Sacrifier une école, un pont ou la santé ?
Avec l’importante diminution annoncée du Fonds vert, c’est l’édile de Noyal-sur-Vilaine, Marielle Muret Baudoin, qui se retrouve « au milieu du gué ». Si les études prévues pour la végétalisation des cours de ses écoles ont bien été prises en charge par ce dispositif, dorénavant « on ne sait pas si les travaux, qui est la partie la plus importante, le seront ». « On est un petit peu dans l’attente », dit-elle en cherchant déjà de nouvelles solutions pour faire aboutir ce projet.
Sans compter qu’elle a découvert que la hausse de cotisation à la CNRACL lui coûtera « entre 800 et 1 000 euros par ETP » (équivalent temps plein), soit « un total d’environ 70 000 euros » d’impact sur le budget de sa commune.
« Si nous n’avons pas ce levier de l'investissement, on ne pourra pas aménager nos territoires », s’inquiète Muriel Abadie, maire de Pujaudran (Gers) alors que sa commune devrait « perdre 20 000 euros » en 2025, ce qui représente « deux ans d’accompagnement des associations qui la font vivre ».
« Nous nous retrouvons donc à arbitrer des choix complètement aberrants : Est-ce que nous allons investir pour l'école ou pour le pont ? Et est-ce que nous allons arrêter d’investir pour soutenir la santé et l’arrivée de médecins ? », a mis en garde le maire de Saint-Martin-le-Vinoux (Isère), Sylvain Laval, également co-président de la commission Transports de l’AMF.
Suppression de 1,9 milliard d'euros de TVA pour 2024
A cela s’ajoute une autre mauvaise nouvelle relevée par le premier vice-président délégué de l’AMF et maire d’Issoudun (Indre), André Laignel : « La semaine dernière, on m’a averti que l’on me supprimait, pour 2024, 175 000 euros de TVA censée compenser la suppression de la CVAE. Au total, cela représente 1,9 milliard d’euros, dont plus de 500 millions d’euros pour le seul bloc communal ».
« Et ça ne va pas s’arrêter là car, bien entendu, pour l’an prochain nous allons repartir sur des bases nouvelles qui seront diminuées de 1,9 milliard d’euros », a fustigé celui qui a « le sentiment d’être dans le tonneau des Danaïdes ». « Ce sont les équilibres fondamentaux de nos budgets qui sont en jeu (...). On prendra toutes les avancées, mais on est très loin du compte malheureusement », s’est désolé le président du Comité des finances locales (CFL).

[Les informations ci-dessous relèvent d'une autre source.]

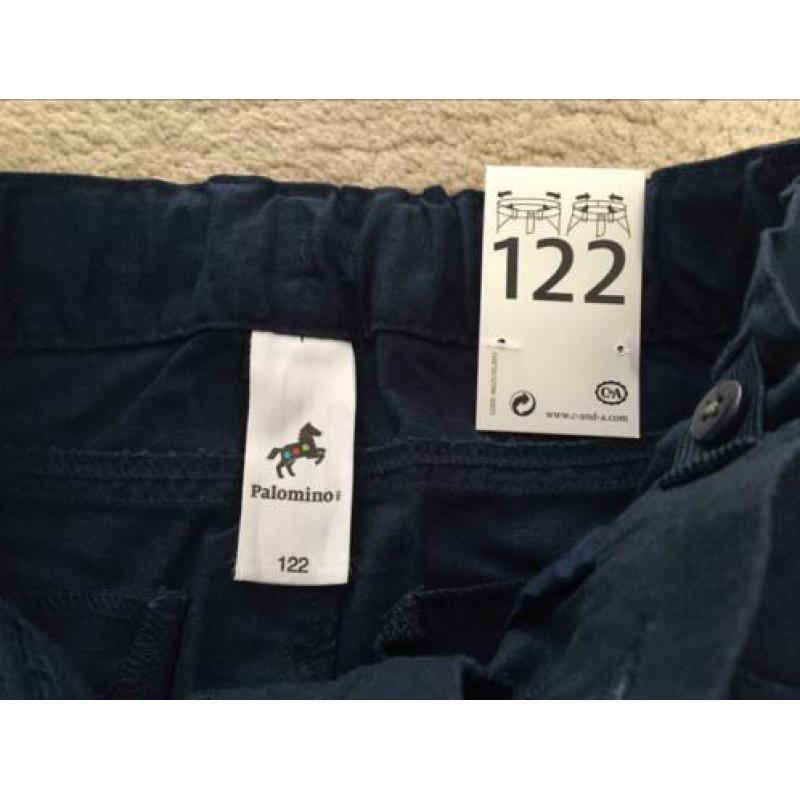 Nieuwe stoere donkerblauwe linnen broek, maat 122.
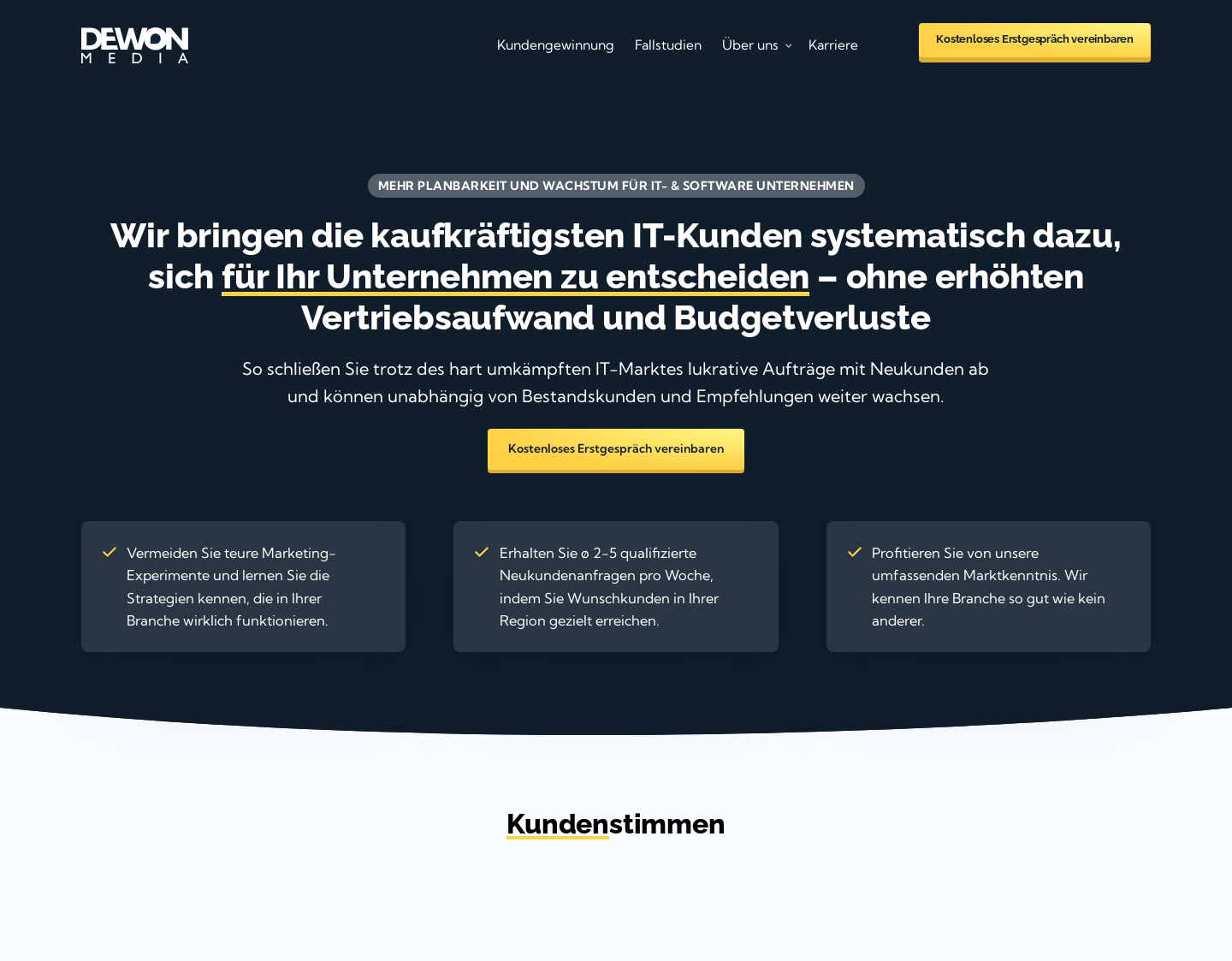 Aktuelle Website-Vorschau von Screencast Agentur- Dewon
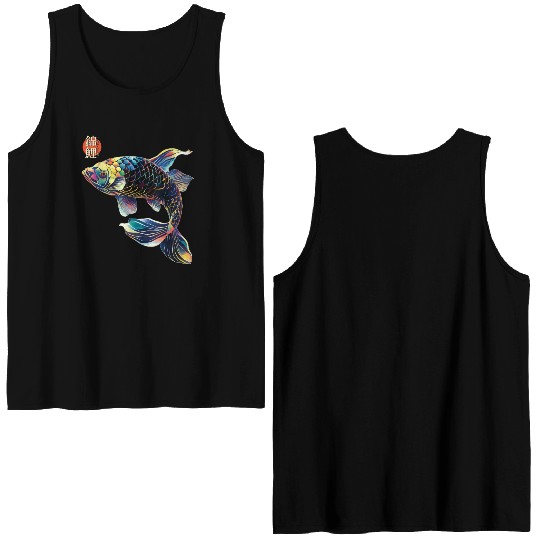 Japanese Koi Fish Koi Carp Lovers Women Men Kids T Double Sided Tank Tops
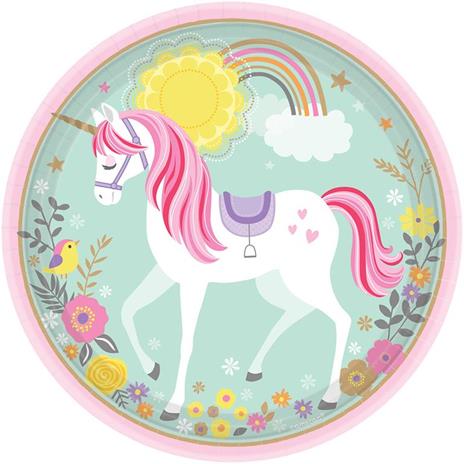 8 MAGISCHE EINHORN TELLER - AMSCAN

Le président de la délégation sénatoriale aux collectivités territoriales, Bernard Delcros, a assuré que les sénateurs allaient « essayer d’améliorer la copie du gouvernement » . « L’objectif est d’obtenir un accord avec le gouvernement pour que ça aboutisse et que ce soit retenu dans le “49.3” » qui devrait être inévitable lors de l’ultime vote du budget à l’Assemblée, espère le sénateur du Cantal.
Il est ainsi prévu que la « chambre des territoires » retire complètement la mesure visant le FCTVA et de ramener le fonds de précaution - s’il n’est pas possible de le supprimer totalement - à « un milliard d’euros », au lieu de 3 milliards, en lui attribuant « des critères de richesse et non pas de taille ».
Afin d’éviter des « pertes sèches » aux petites communes, Bernard Delcros a annoncé qu’il déposerait un amendement pour améliorer la compensation de l'extension de l'exonération du foncier non bâti. Pour les petites communes rurales, c’est une ressource importante qui représente parfois « 50 % de recette fiscale », a-t-il expliqué.
Une dernière mise en garde a été faite par Emmanuel Sallaberry sur le « chiffon rouge » que représenterait la baisse du taux et le recentrage du FCTVA. « Il nous est donné pour essayer de faire passer l’ensemble des autres mesures », a-t-il prévenu, indiquant qu’il « faut vraiment que l’on se méfie de ça parce que, à la fin des fins, c’est ce qui va venir toucher à notre autofinancement. Attention donc à ne pas s’attacher à un seul combat, alors qu’il y en a d’autres derrière ».